John Berlau

By definition, if a bill is sponsored by Sens. Mark Udall, D-Colo., and Rand Paul, R-Ky., or any similarly odd ideological couples in the House, it more than meets the definition of bipartisan. For that, it should get a big kumbaya from the Beltway cognoscenti.

Yet the Udall-Paul bill, S. 968, should be cheered not just because of its bipartisanship, but because it actually spreads freedom. Those concerned with government eroding options for entrepreneurs should cheer this legislation, which lifts regulatory barriers to an untapped source of capital for startups: America’s credit unions.

Small business and startups pursue many diverse sources of funding. As traditional sources have dried up, many credit unions have stepped up to fill the void. As Rohit Arora, CEO of the Biz2Credit small business loan arranging service,  recently explained at FoxBusiness.com, “Following the mortgage bust, many big banks essentially turned off the spigot to small business lending. Credit unions decided to take advantage of this hole in the marketplace by increasing their small business loan-making.”

But because of government barriers to credit union business lending, thousands of entrepreneurial ventures may be unnecessarily deprived of the seed capital credit unions could provide to them. As Arora says,  “Credit unions are handcuffed by a lending cap of 12.25 percent of their assets imposed  by the Credit Union Membership Access Act of 1998. Thus,  many of  those who became active in small business lending quickly hit their limit.”

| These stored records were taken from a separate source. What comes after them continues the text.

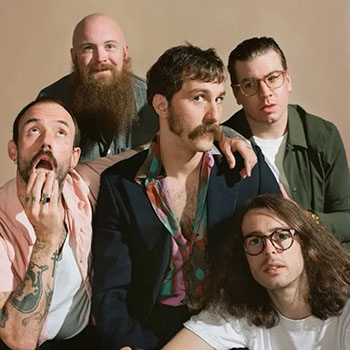 Foto de Idles
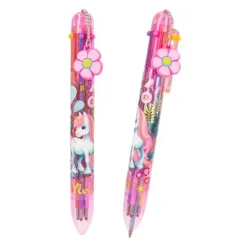 Sale DEPESCHE Ylvi Gelstift mit 6 Farben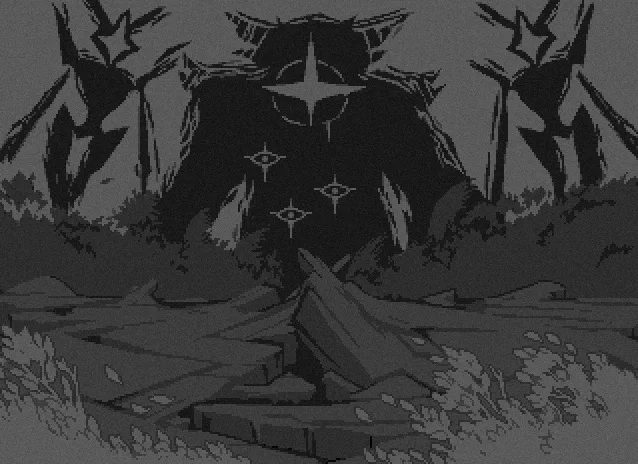 Enter the Roaring Town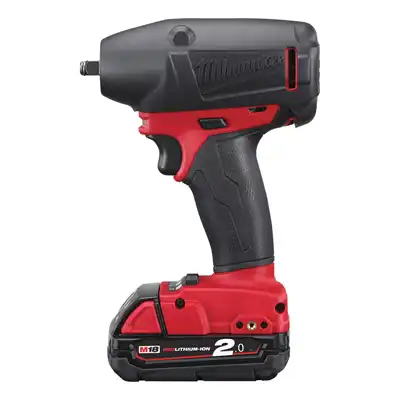 Gaine softgrip, Milwaukee_1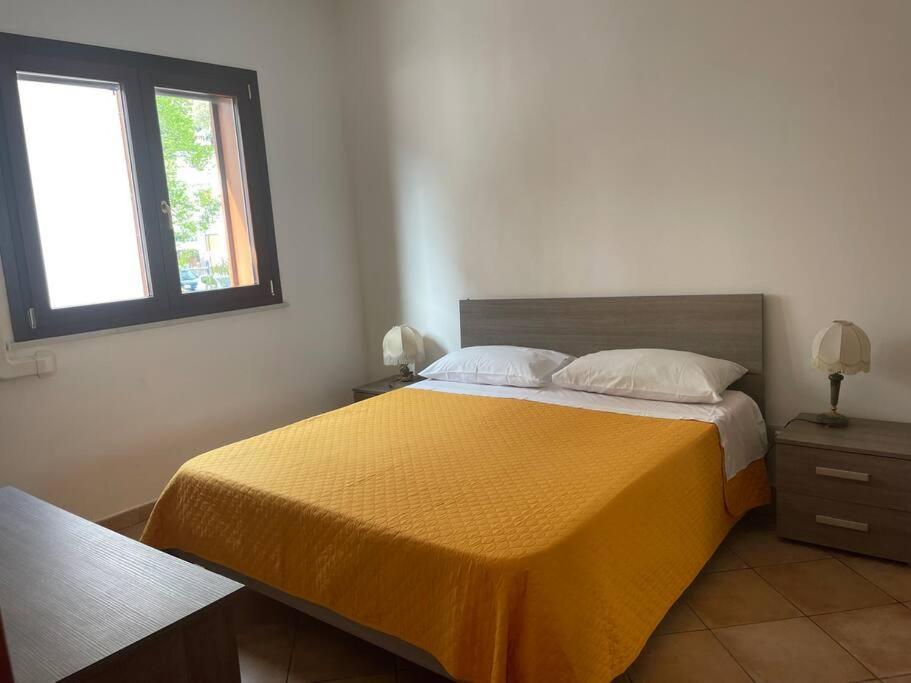 Mondello Stesicoro Apartment 팔레르모 외부 사진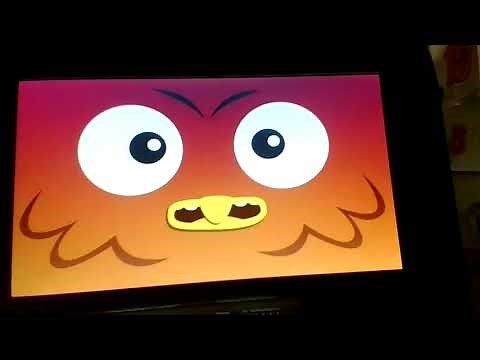 Big Block Singsong - Peekaboo (DVD Version)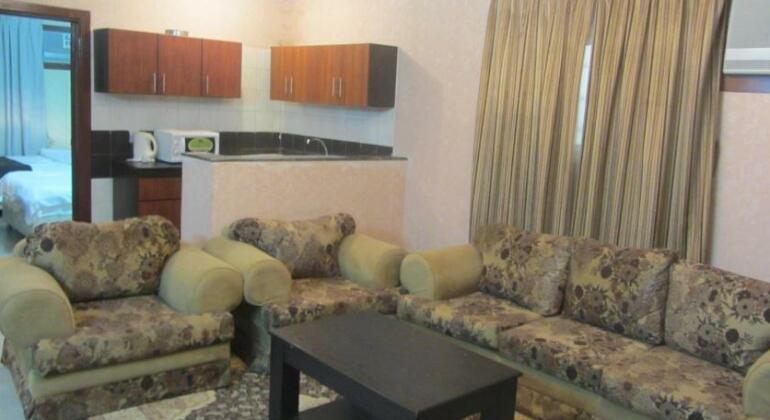 Orkid Nights Apartment - Photo5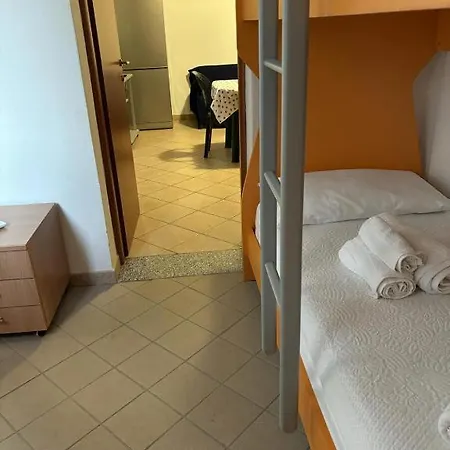 Via Castelsardo 41 Αλγκέρο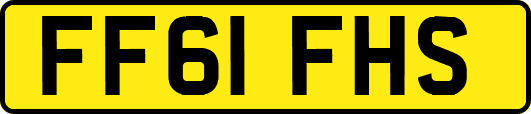 FF61FHS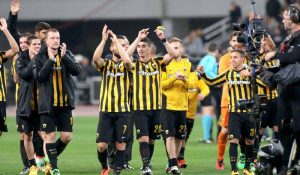 ΑΕΚ: Ξέμεινε από επιθετικούς εν όψει Ηρακλή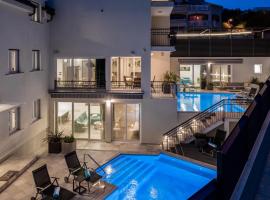 Hotel - Teranea City Hvar – hotel w Hvarze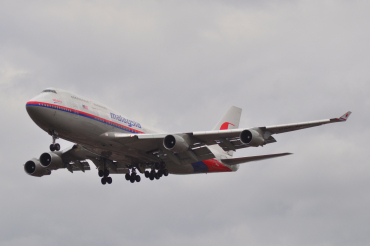 9M-MPM (28435) 1998 Boeing 747-4H6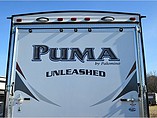2015 Palomino Puma Unleashed Photo #20
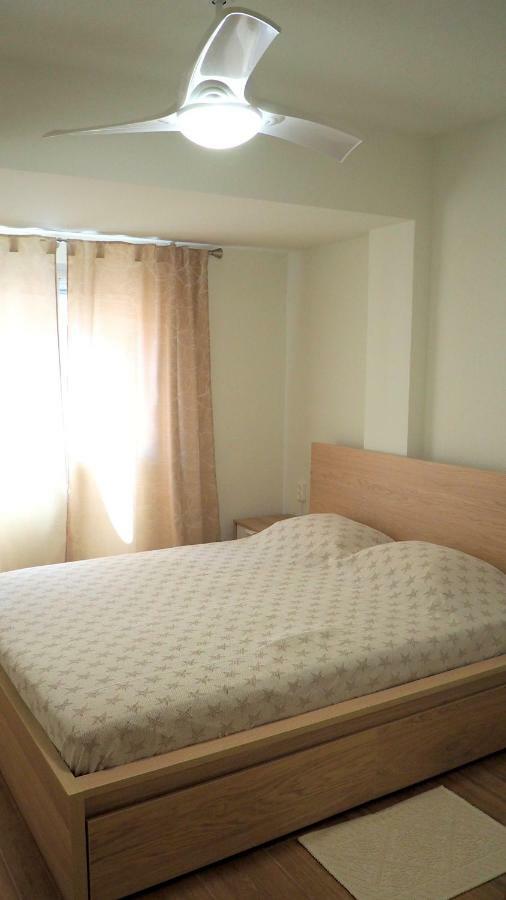 Apartamento En Ani Alicante Eksteriør bilde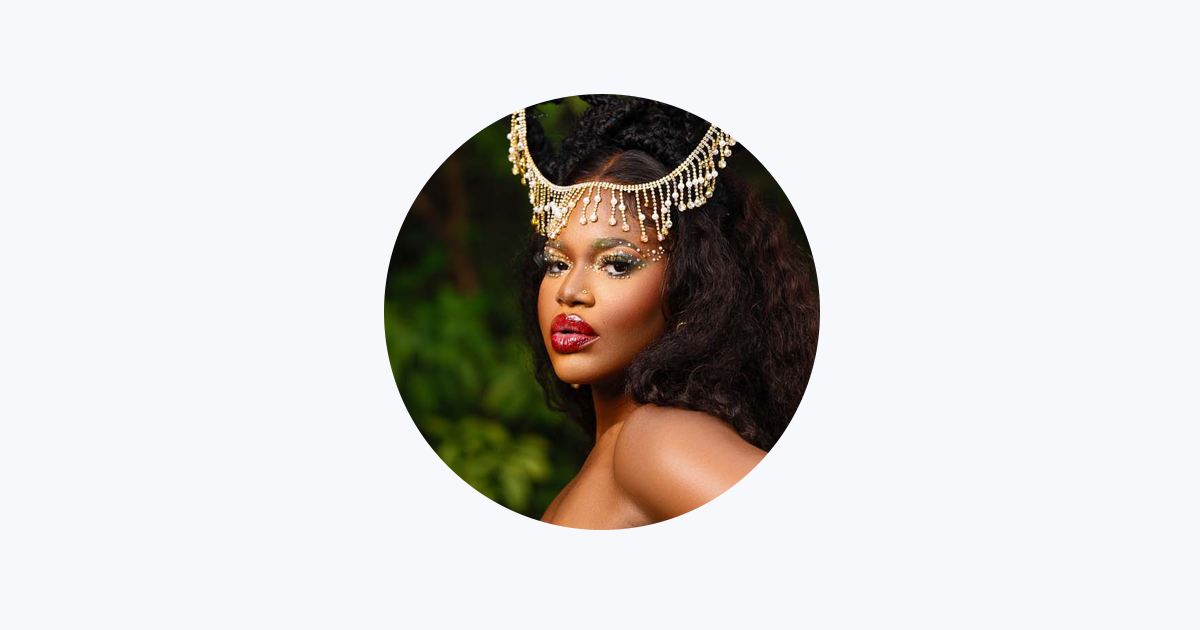 ‎Monifa Goss - Apple Music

And this regulatory barrier is exactly what Udall-Paul, and its House companion H.R. 688, sponsored by Rep. Ed Royce, R-Calif., would fix. The legislation would raise the cap for business lending to 27.5 percent of a credit union’s assets. The modest hike in the lending cap would pay big dividends for entrepreneurs and the economy. The Credit Union National Association estimates this increase in the cap would create 138,000 jobs in the first year, a figure Pepperdine University economist David M. Smith calls “conservative and well within the bounds of a reasonable projection.”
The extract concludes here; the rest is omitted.